This repo contains an unsupervised method to extract the conceptual table of contents of a data collection, i.e., the underlying structure of a typical document within the collection. Our method recieve a document collection as an input, and outputs the typical structure of a document along with a mapping between each ToC entry to specifc text spans within each document, as examplified in the figure below.

io-fig

Paper: https://arxiv.org/pdf/2402.13906

Contact: gili.lior@mail.huji.ac.il

*Paper was accepted to ACL 2024 findings

Demo

We provide a streamlit demo to visualize the method's output at:

https://visualize-collection-wide-structure.streamlit.app

To see the example of our method's output over a collection of 500 financial reports (Form-10K), hit the "Load example" button (marked by the red arrow below)

load-example

Quickstart

In this section we provide the steps to setup and run the method.

Prepare the environment

git clone <github_url>
cd <NAME>
python3 -m venv .venv
source venv/bin/activate
pip install -r requirements.txt
python -m spacy download en_core_web_lg

Run the document parser

cd parser
./run_all.sh -m MODEL --ds_name DATASET_NAME -i INPUT_DIR -o OUTPUT_DIR  \
    --w_title W_TITLE --w_text W_TEXT --w_index W_INDEX

Parameters:

  • MODEL: name of the model used for encoding, loaded via sentence_transformers package. List of available models can be found here.
  • DATASET_NAME: name of the dataset to parse, used for headers detection in generate_nodes_info.py. See #Apply New Dataset for further explanation on how to run this code on your own dataset.
  • INPUT_DIR: path to the directory containing the dataset to parse. This directory is expected to contain plain text files.
  • OUTPUT_DIR: path to the directory where the output will be saved. See #Output Files for further explanation on the directory format and the files it contains. this OUTPUT_DIR parameter must end with a seperator (i.e., '/').
  • W_TITLE, W_TEXT, W_INDEX: weights used for the graph building. The edges in the graph are weighted sum of the three similarities measures, weighted according these given ws, based on prior information regarding the specific dataset. For example, if you think that in your dataset the titles are very similar but the order is not strict, set high W_TITLE and low W_INDEX.

Apply New Dataset

In order to run this code on your own data, the only thing you to provide is a method that detects header candidates.

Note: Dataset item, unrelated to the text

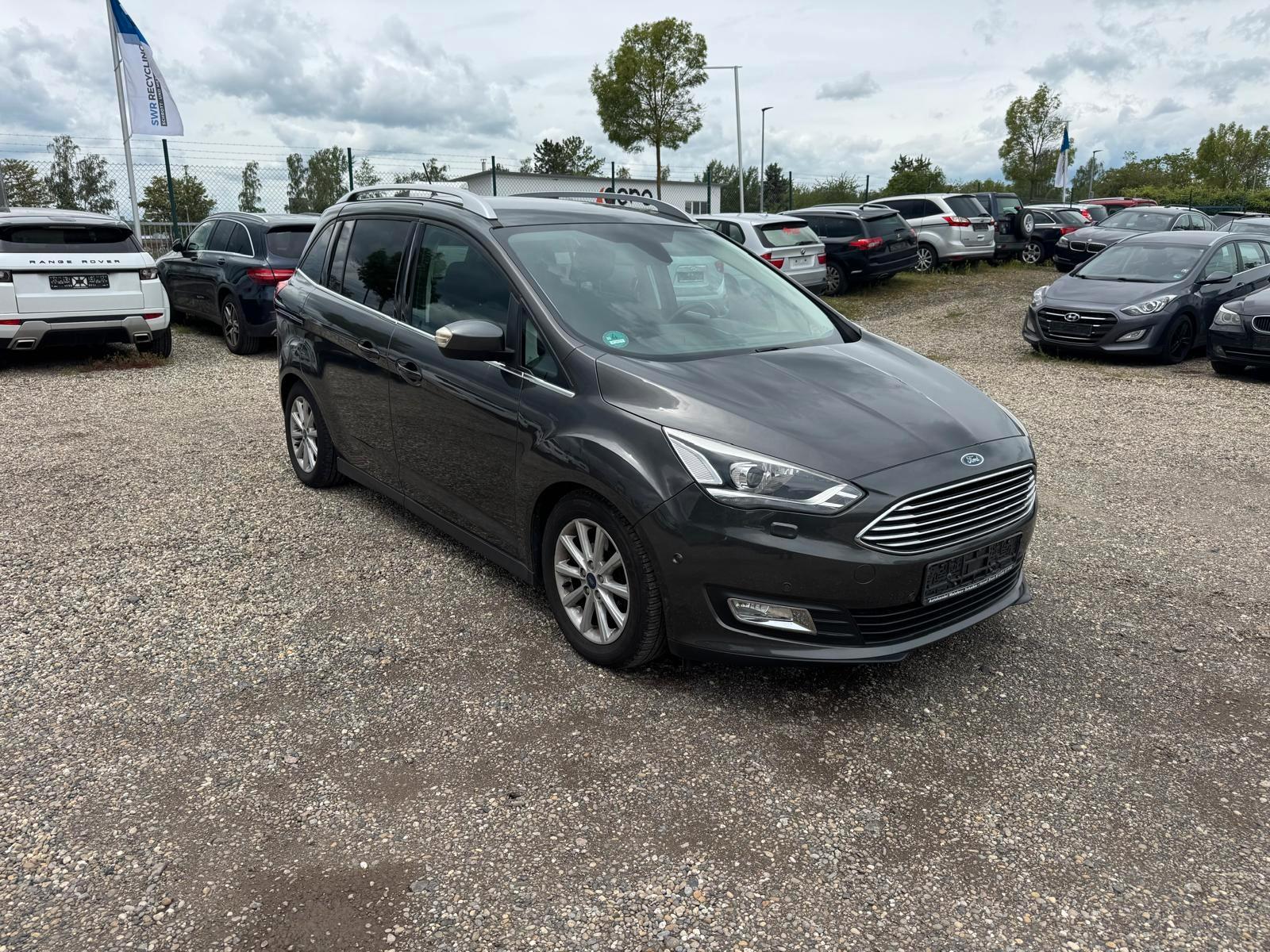 Ford Grand C-Max Titanium Klima Navi Euro6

This method accepts as an input a string which is a line from the text and a tokenizer, and it is expected to return a boolean value indicating whether this line is a header candidate or not.

This method should be implemented in the file generate_nodes_info.py. It should be called from the function is_title_candidate. The following pair of lines should be added, similarly to the existing implementation of 10k and CUAD:

elif ds_name == 'DATASET_NAME':
    return is_title_candidate_DATASET_NAME(line, tokenizer)

Headers can be detected according to heuristics like number of tokens in the sentence, percentage of capitalized words, and any prior knowledge you may have regarding the dataset.

Output Files

The output directory will look as follows:

├── meta.csv
├── <model_name>
│   ├── meta.csv
│   ├── title_sim.npy
│   ├── section_sim.npy
│   ├── index_sim.npy
│   ├── logs
│   │   ├── 01_nodes_info.log
│   │   ├── 02_similarities.log
│   │   ├── 03_louvain.log
│   │   ├── 04_representative.log
│   │   ├── 05_comm_duplicates.log
│   ├── <w>title_<w>text_<w>index
│   │   ├── meta.csv
│   │   ├── meta_filtered.csv

The final output is the file meta_filtered.csv in the <model_name>/<w>title_<w>text_<w>index directory. Each line in this csv represents a section in a document from the dataset, along with information regarding its mapping to the Conceptual Table of Contents of the data collection.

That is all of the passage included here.